Die deutschen Rüstungsexporte in die Golfregion steuern trotz der schlechter werdenden Menschenrechtslage dort auf einen neuen Rekordwert zu. Im ersten Halbjahr 2013 genehmigte die Bundesregierung Rüstungsausfuhren mit einem Gesamtvolumen von 817 Millionen Euro in die sechs Länder des sogenannten Golfkooperationsrats. Im gesamten Vorjahr hatte das Volumen der Exportgenehmigungen für diese Region 1,42 Milliarden Euro betragen. Menschenrechtler und Oppositionspolitiker kritisieren die Entwicklung scharf.

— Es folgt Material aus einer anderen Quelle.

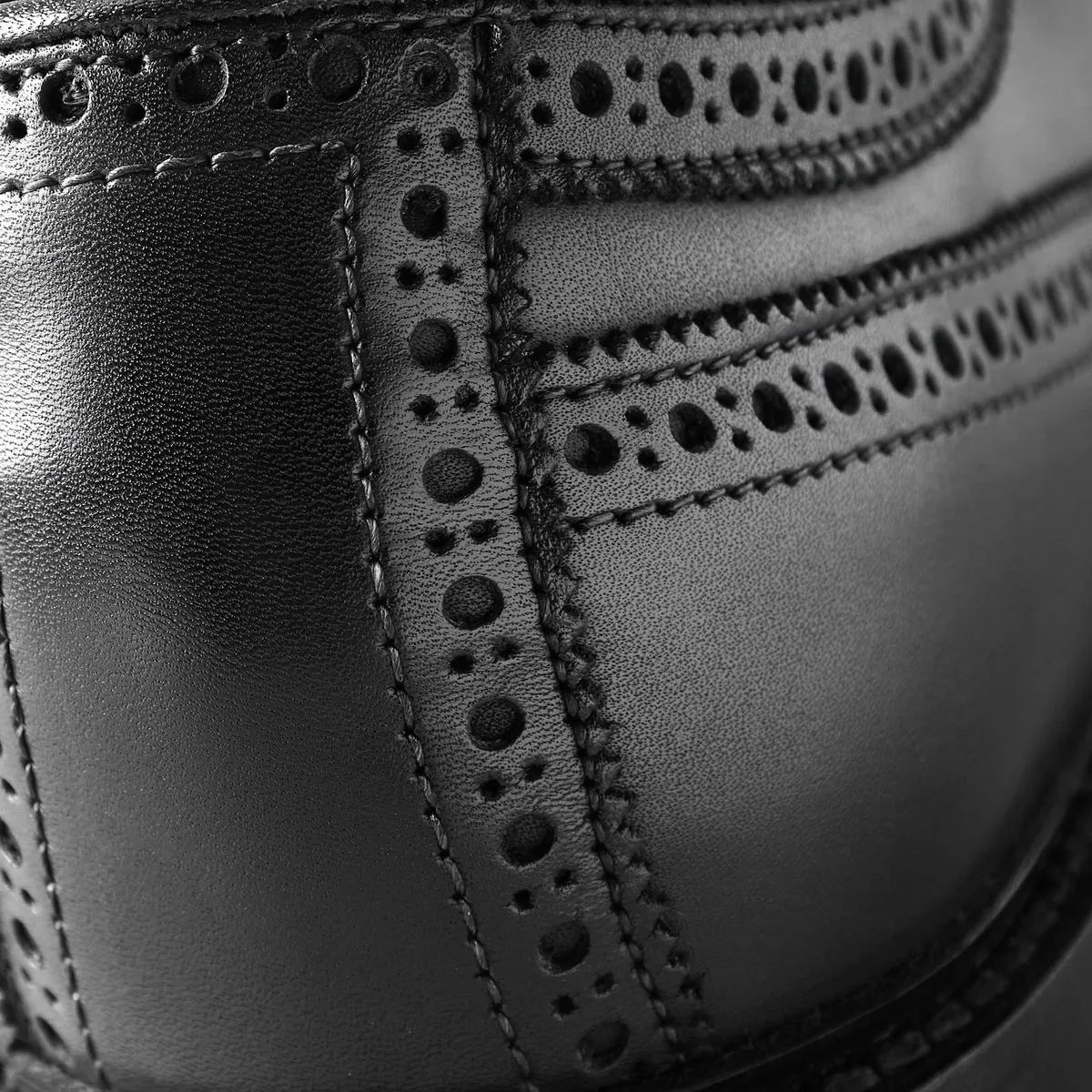 Mason Reserve Wingtip Derby Dress Shoe - Black Leather
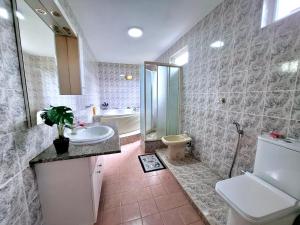 Koupelna v ubytování Villa Mauricienne à Calodyne - Piscine privée - 200m plage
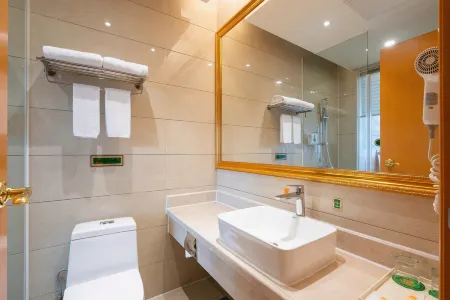 Vienna Hotel (Guangzhou Beijing Road Pedestrian Street Big Buddha Temple)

Im Golfkooperationsrat sind Bahrain, Katar, Kuwait, Oman, Saudi-Arabien und die Vereinigten Arabischen Emirate organisiert. Im Zuge der Umwälzungen in der arabischen Welt nimmt dort die innere Repression zu. So geht beispielsweise Saudi-Arabien streng gegen Kritiker des Königshauses vor, erst kürzlich wurde ein junger liberaler Blogger zu sieben Jahren Haft und 600 Peitschenhieben verurteilt.

Panzer und Haubitzen für Katar

Aus einer Antwort der Bundesregierung auf eine kleine Anfrage der Linken geht hervor, dass Katar und Saudi-Arabien in der Region die mit Abstand größten Kunden deutscher Rüstungsunternehmen sind. Für Katar wurden im ersten Halbjahr Rüstungsexporte im Wert von rund 635 Millionen Euro genehmigt, für Saudi-Arabien im Wert von rund 118 Millionen Euro.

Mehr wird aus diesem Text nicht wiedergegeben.